PRO-CHOICE activists took to Sinn Féin's Cookstown office on Thursday last as part of their nationwide protests against Northern Ireland's abortion laws.
Campaigners from social feminist organisation Rosa NI (Reproductive Rights, Against Oppression, Sexism & Austerity) marched down to the party's Burn Road office due to the Pro-Life stance of Mid-Ulster MP Francie Molloy.
Outside the office, members of Rosa and Women on Web gathered in a circle, before lining up in front of the office's entrance chanting, dressed as handmaidens, in reference to the Margaret Atwood novel The Handmaid's Tale about women's rights being stripped away.

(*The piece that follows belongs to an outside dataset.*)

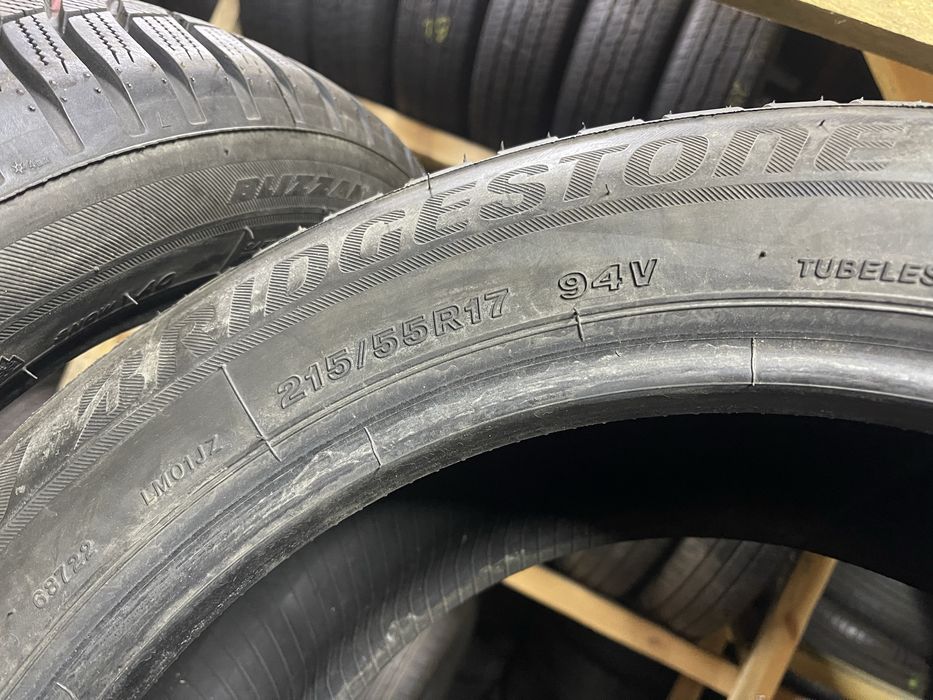 Комплект зими 215/55R17 Bridgestone BLIZZAK LM001 4шт 8мм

Activists spoke at length as part of the 'Bus4choice' rally, which started outside Laganside Courthouse in Belfast, and concluded in Londonderry.
The latest movement comes after the eighth amendment was repealed in the Republic of Ireland abortion referendum, much to the delight of Pro-Choice campaigners.
The Cookstown leg of the rally went down without any major trouble, and there was a small Police presence to oversee the protest.
There was only one heated moment of note after a Pro-Life passer-by made his feelings clear to the activists as he shouted "murderers, f****** murderers, you should be ashamed, the lot of you".
“PRO-LIFE, PRO-LIFE," he continued chanting with a clenched fist as he continued to tirade the procession as he walked past. Before Police could apprehend the man to prevent any trouble breaking out, he disappeared, much to the happiness of the protestors who then responded by chanting in unison.
Speaking to the Mid-Ulster Courier at the protest, organiser of Rosa NI, Courtney Robinson said they will be looking at the south of Ireland for inspiration: "Following the Referendum in the south, not only the abortion referendum but the marriage equality referendum, we can take the lessons and inspirations of those kind of campaigns, that force politicians in to supporting how to choose."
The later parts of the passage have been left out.